3 June 07
This weekend I made my first forays into robotics. I’ve been reading a lot in preparation:
- Joseph L. Jones’ Robot Programming,
- David Cook’s Robot Building for Beginners (the companion volume is sitting on the coffee table), and of necessity...
- a C reference
The options would have been to start at RadioShack, and do a bread-board robot from the Cook, or to get an iRobot Create and start hacking.
Soldering or Hacking?
My software skills are sharper than my hardware skills, so I thought I’d start with Create kit, and build circuits for a later project.
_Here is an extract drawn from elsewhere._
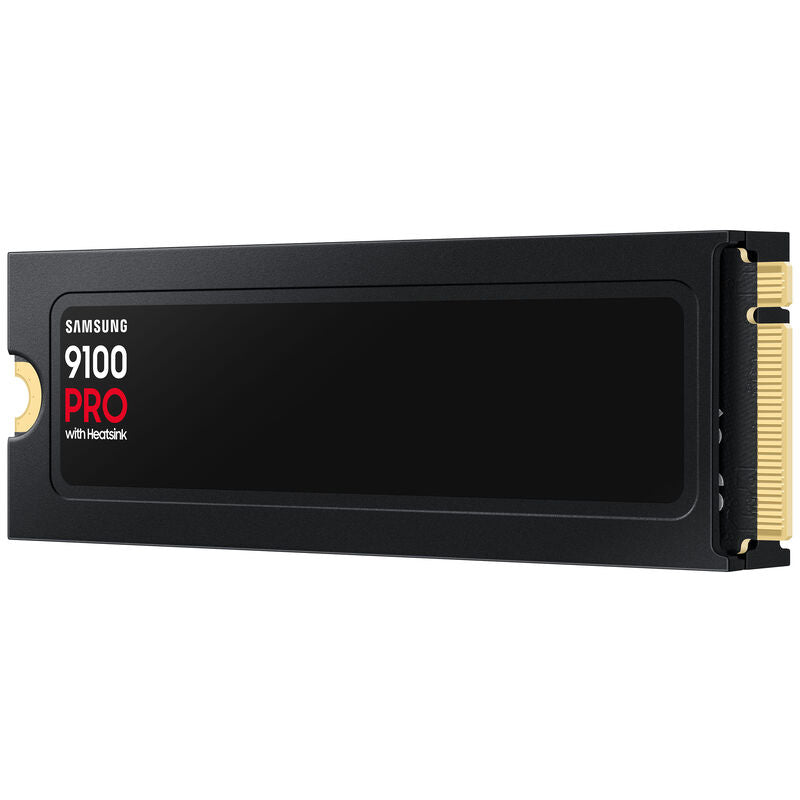 Samsung 9100 PRO NVMe SSD 1 TB PCIe 5.0 M.2 med kjøleribbe skrått vinklet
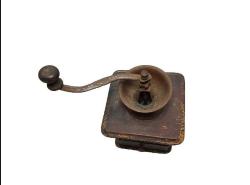 KAHVE DEĞİRMENİ, OSMANLI DÖNEMİ AHŞAP KAHVE DEĞİRMENİ  1900'LERDEN, AVRUPA YAPIMI, AHŞAP KASALI,  KÖŞELERİ KIRLANGIÇ GEÇME NADİR FORMDA VE YÜKSEK KONDİSYONDA KAHVE DEĞİRMENİ YÜKSEKLİK: 26,5 CM GENİŞLİK X DERİNLİK: 15,5 X 15,5 CM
(From a pedagogical perspective, if I were teaching this to kids, I might do it the same way. There’s a lot of instant gratification to be had with the iRobot kit. It beeps and twirls, and interfacing with the LEDs is really easy. Staying motivated is not a challenge.)
I hate Vista
I’m not a Windows guy. I run Ubuntu at work, and use an iBook at home. I can use Windows machines, but I don’t enjoy it.
The iRobot kit comes with WinAVR, a C compiler for the Atmel® ATMega168 microcontroller in the robot, and it’s Windows only. Yes, I could probably have found an avr-gcc port for my Mac, but installing a C compiler from source is not how I wanted to spend the weekend.
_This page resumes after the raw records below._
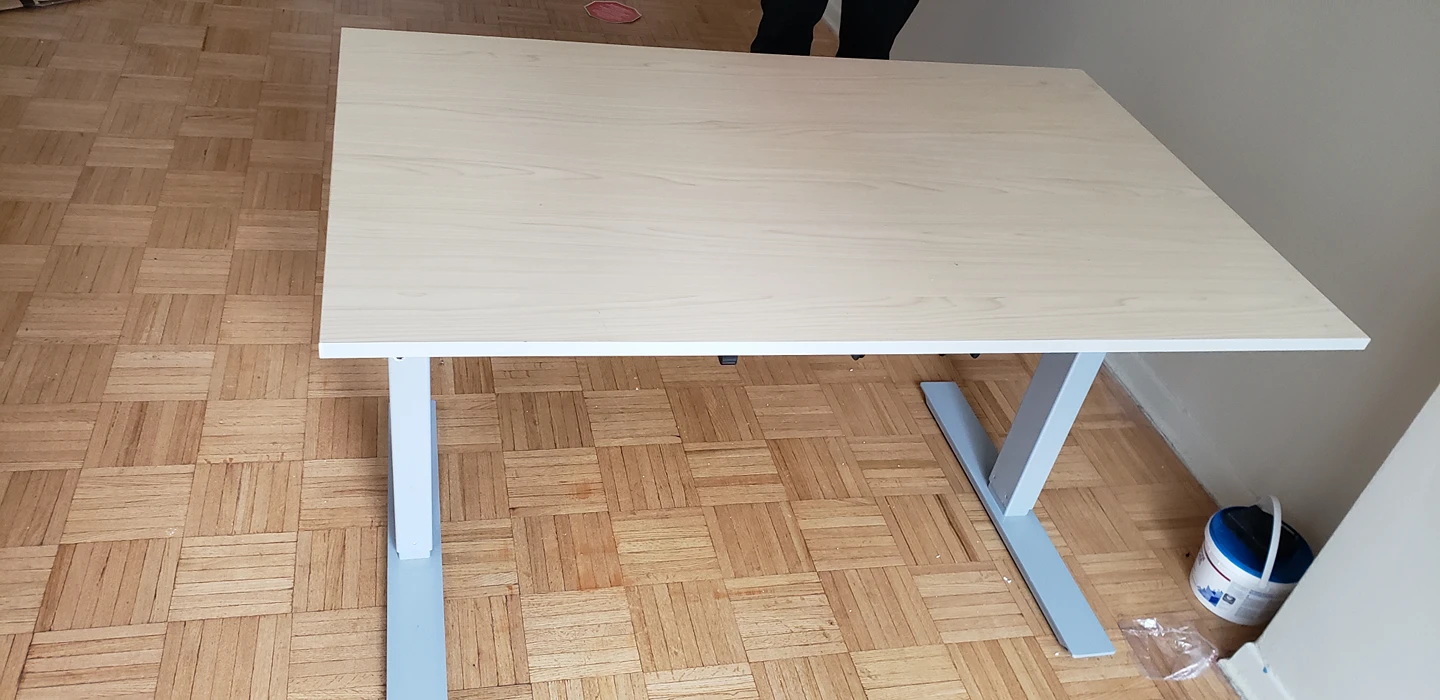 Adjustable desk from anthrodesk / manual crank / great condition thumbnail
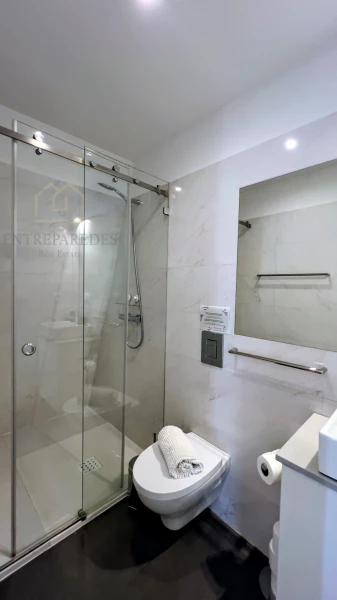 OPPORTUNITY TO BUY 2 BEDROOM PENTHOUSE IN THE CENTRE OF PORTO, WITH BALCONY, PRIVATE LIFT AND ACTIVE LOCAL ACCOMMODATION REGISTRATION. IDEAL FOR LIVING OR INVESTING.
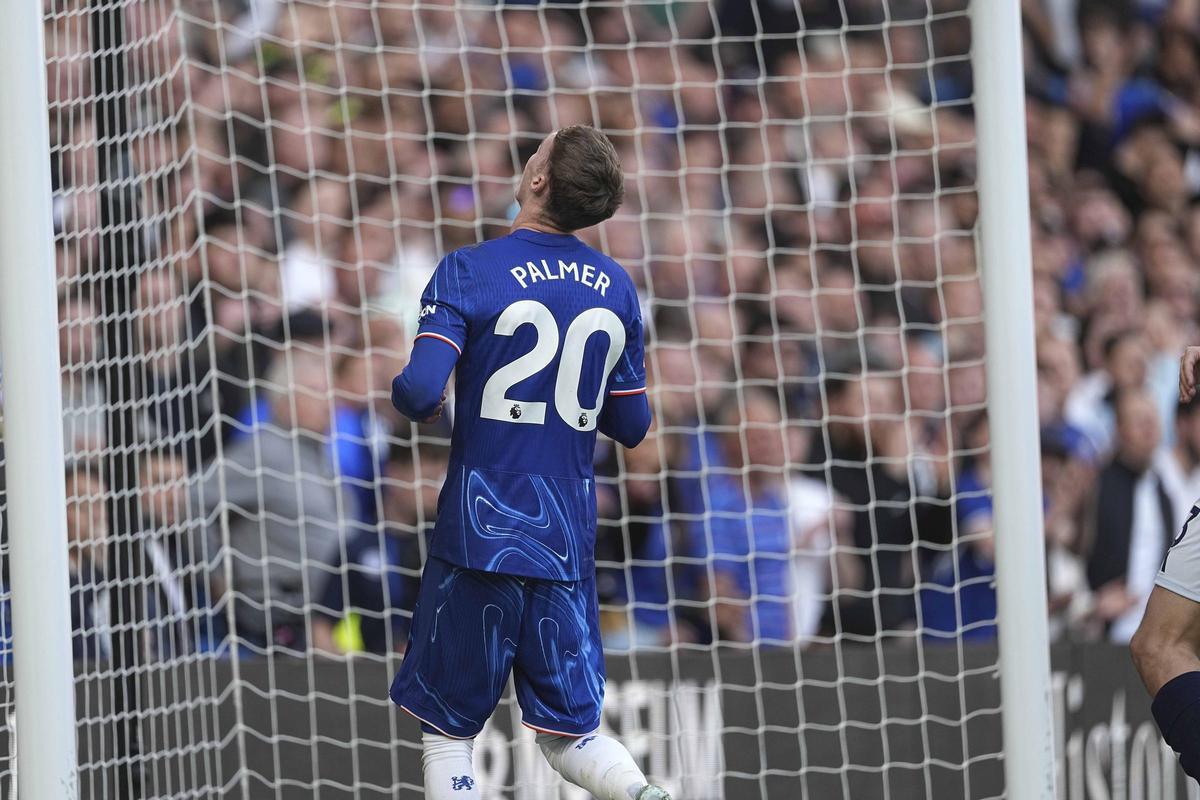 Cole Palmer se lamenta tras fallar el primer penalti de su carrera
Getting everything working on my Vista laptop only took about five and a half hours.
The iRobot kit comes with a CD that has USB drivers for talking to the robot’s command module. Those didn’t want to install under Vista.
Making it Work
Here’s what I wound up doing:
- Downloaded the latest version of libusb for windows. The filter package was bad news and caused serious problems. The driver package had what I needed (more on this shortly).
- Installed the iRobot USB drivers from the CD
- I Copied the file libusb0.dll from the bin directory in the libusb driver package that I’d downloaded, into the C:\Windows\System32 directory, replacing the existing file. (This was to fix a problem I had with WinAVR software trying to communicate over USB.)
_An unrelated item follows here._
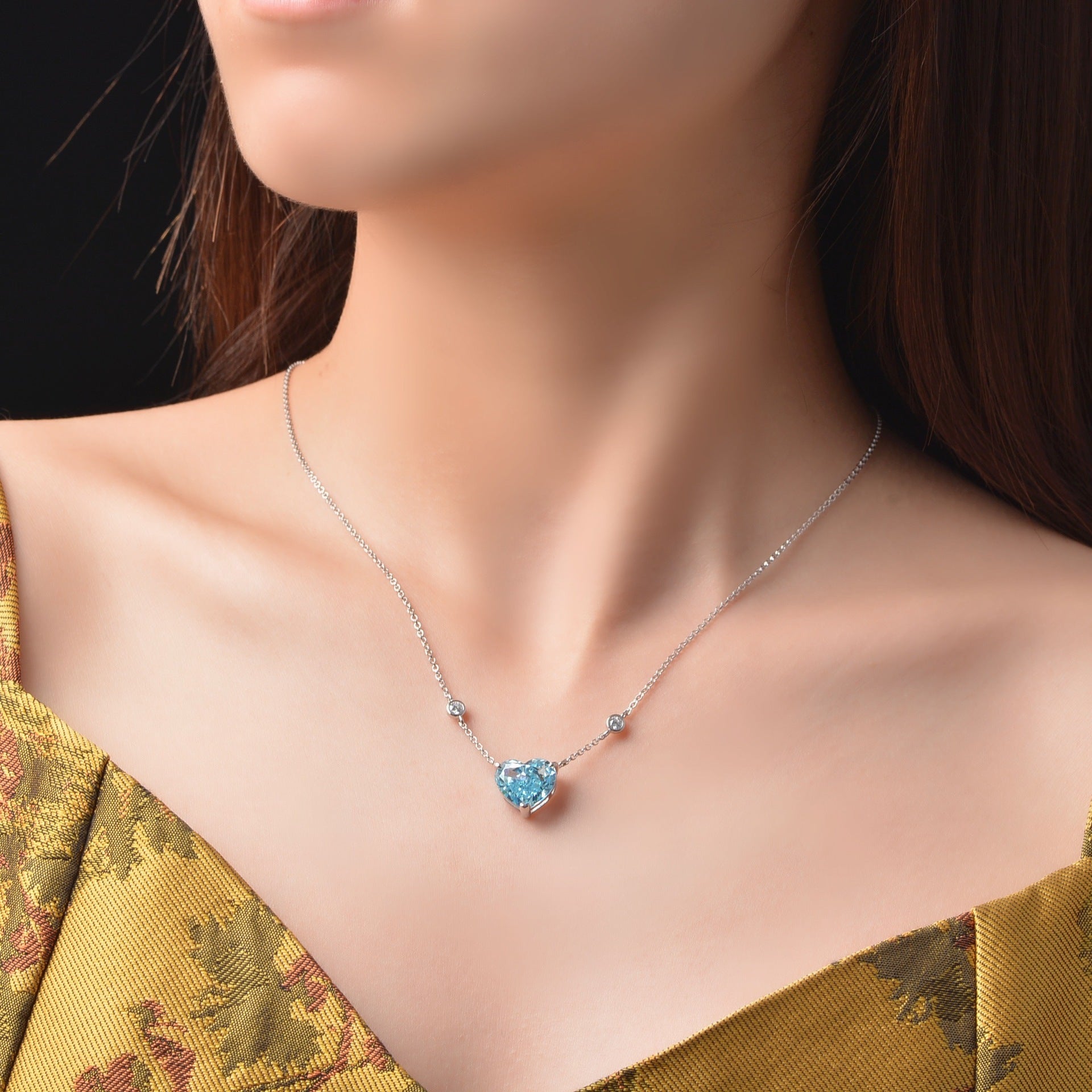 Ocean Blue Heart-Shaped Zircon Ring | S925 Sterling Silver Romantic Ring | High-Sense Minimalist Heart Jewelry | Luxury-Label Radiant Blue Gemstone Ring | 2026 High-Fashion Statuesque Women’s Fine Jewelry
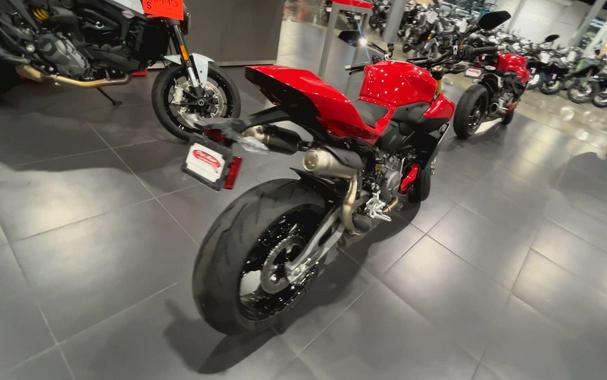 2026 Ducati PANIGALE V2 S 896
- I did not use the WinAVR install that came on the iRobot CD. That gave me the error "avr-gcc installation problem, cannot exec cc1". The latest WinAVR release worked much better.
I had tons of problems getting the iRobot Create USB drivers and the WinAVR software working under Vista, but the steps I’ve outlined above are (I think) what got all my problems solved.